Die Bounty-Inseln sind übrigens so klein und felsig, dass dort kaum Vegetation wächst. Trotzdem brüten auf ihnen Zehntausende Kronenpinguine – dicht an dicht auf nacktem Fels. Komfortabel ist anders, aber die Inseln bieten einen entscheidenden Vorteil: Es gibt dort keine landlebenden Raubtiere.
Wusstest du schon?
Der Kronenpinguin ist der einzige Schopfpinguin, der seinen Federschmuck aktiv aufrichten kann. Alle anderen Schopfpinguine – etwa der Goldschopfpinguin oder der Felsenpinguin – tragen ihren Schopf dauerhaft nach hinten hängend. Warum genau der Kronenpinguin diese Fähigkeit entwickelt hat, ist bisher nicht abschließend geklärt.
Brutverhalten: Zwei Eier, aber nur ein Küken
Ab September beginnen die Kronenpinguine, ihre Brutkolonien zu bilden. Dabei geht es alles andere als friedlich zu: Die Männchen liefern sich heftige Revierkämpfe um die besten Nistplätze. Es wird geschrien, mit den Flossen geschlagen und kräftig gepickt.
Die Nester bestehen aus Stöcken, Steinen und Gras. Das Weibchen legt zwei Eier, die sich allerdings deutlich in der Größe unterscheiden. Das zweite Ei ist fast doppelt so groß wie das erste. In der Praxis wird fast immer nur das größere Ei ausgebrütet – das kleine geht meistens verloren.
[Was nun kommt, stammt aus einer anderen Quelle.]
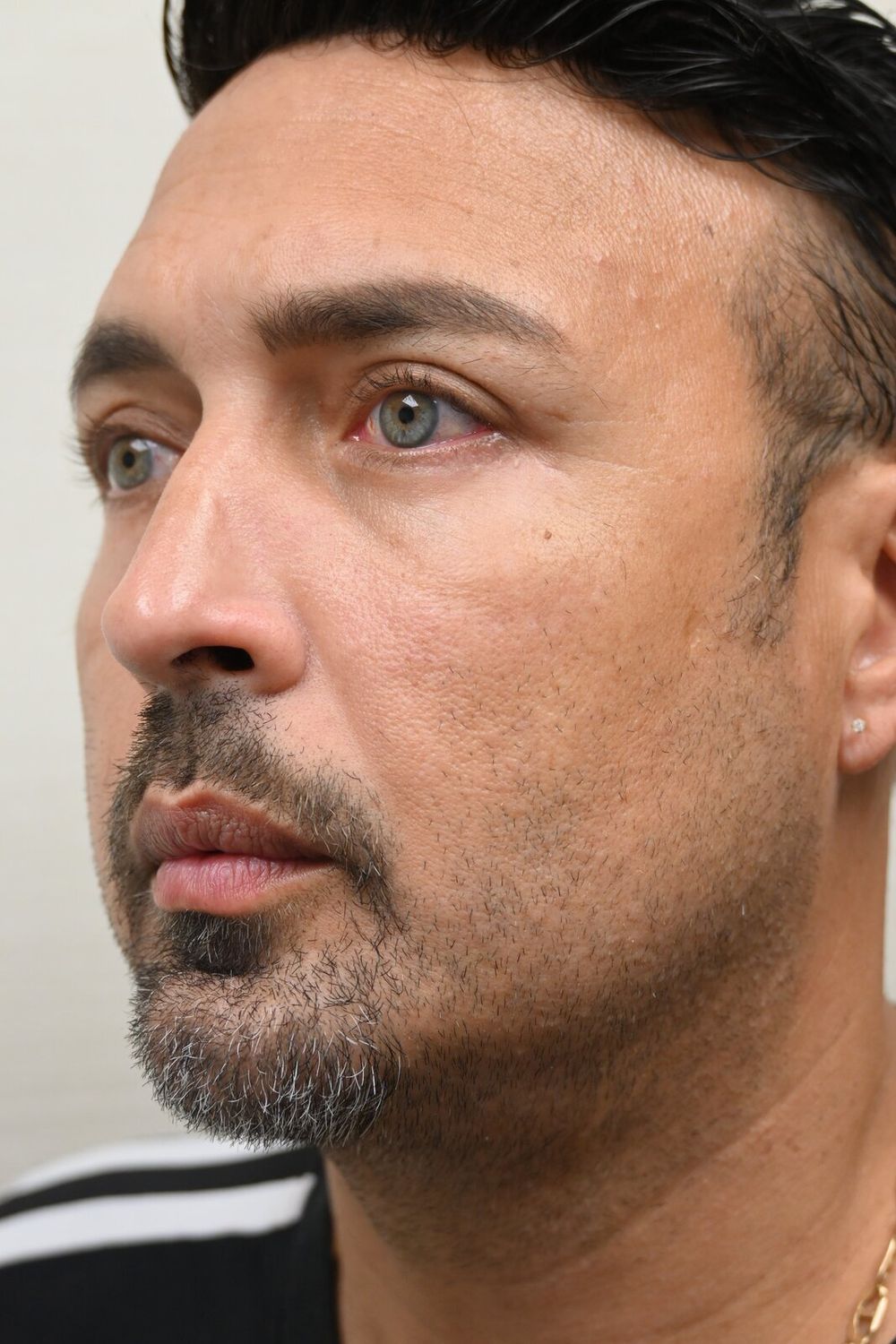 Rinoplastia Before & After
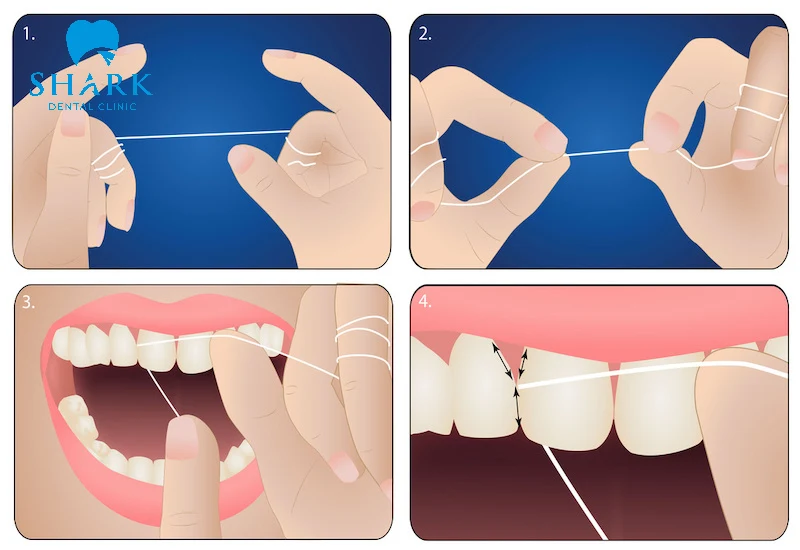Sử dụng chỉ nha khoa đúng chuẩn
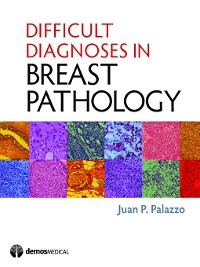 Cover Difficult Diagnoses in Breast Pathology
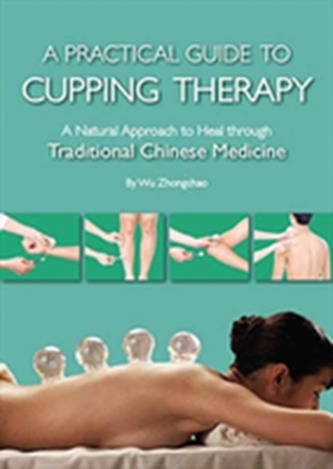 Practical Guide to Cupping Therapy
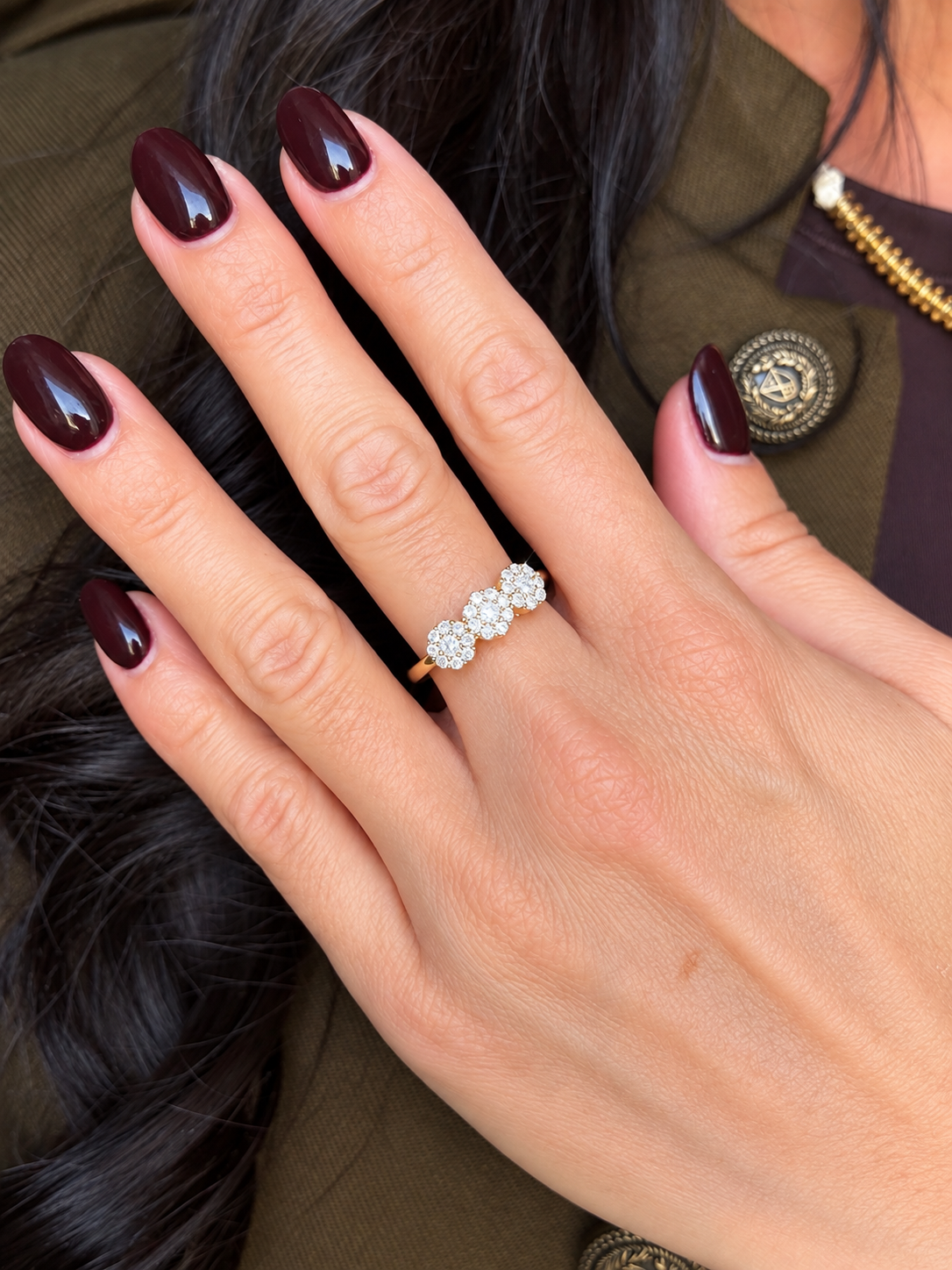 Anello Magic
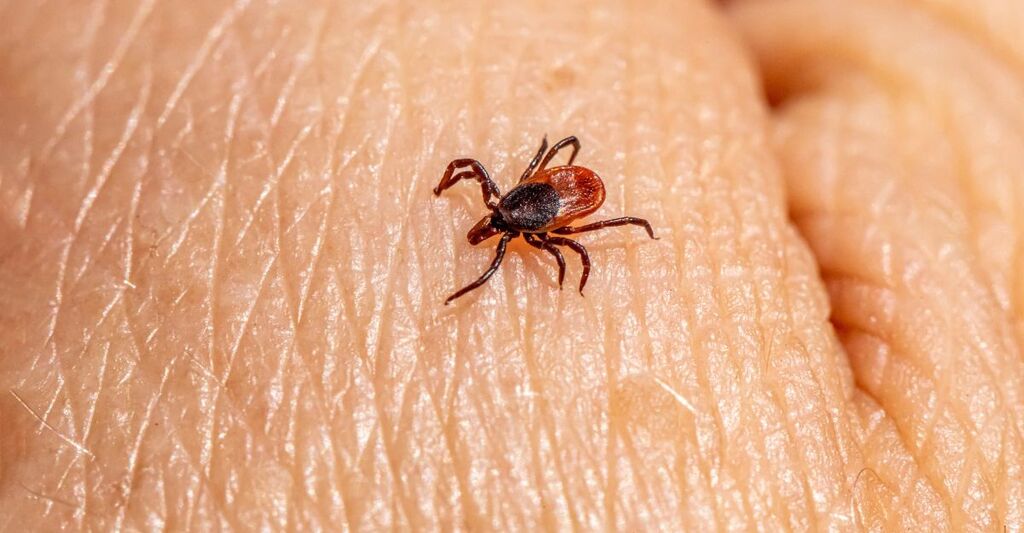 Primo piano di una zecca che cammina sulla pelle umana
Dieses Verhalten nennt man in der Biologie „obligaten Brutverlust“. Das klingt verschwenderisch, hat sich aber evolutionär offenbar bewährt. Eine mögliche Erklärung: Das erste Ei dient als eine Art „Versicherung“, falls bei der zweiten Eiablage etwas schiefgeht.
Ernährung und Jagdverhalten
Kronenpinguine ernähren sich hauptsächlich von Krill und kleinen Tintenfischen, ergänzt durch gelegentliche Fischmahlzeiten. Sie jagen in den nährstoffreichen Gewässern rund um ihre Brutinseln und können dabei beachtliche Tiefen erreichen.
Was mich am Kronenpinguin immer wieder überrascht: Wie wenig wir eigentlich über ihn wissen. Weil seine Brutinseln so abgelegen und schwer zugänglich sind, gibt es vergleichsweise wenige Studien. Jede Forschungsexpedition dorthin ist ein logistisches Abenteuer – und bringt trotzdem regelmäßig neue Erkenntnisse.
Gefährdung und Schutz
Die IUCN stuft den Kronenpinguin als „endangered“ (gefährdet) ein. Sein Bestand ist in den letzten Jahrzehnten zurückgegangen, ohne dass die genauen Ursachen vollständig geklärt sind. Vermutet werden Verfänderungen in der Nahrungsverfügbarkeit durch die Erwärmung des Südpazifiks.
Die Brutinseln selbst stehen unter strengem Naturschutz. Das Betreten ist nur mit Sondergenehmigung für Forschungszwecke erlaubt. Das ist auch gut so – denn gerade für eine Art, die so empfindlich auf Störungen reagiert, ist Ruhe die beste Schutzmaßnahme.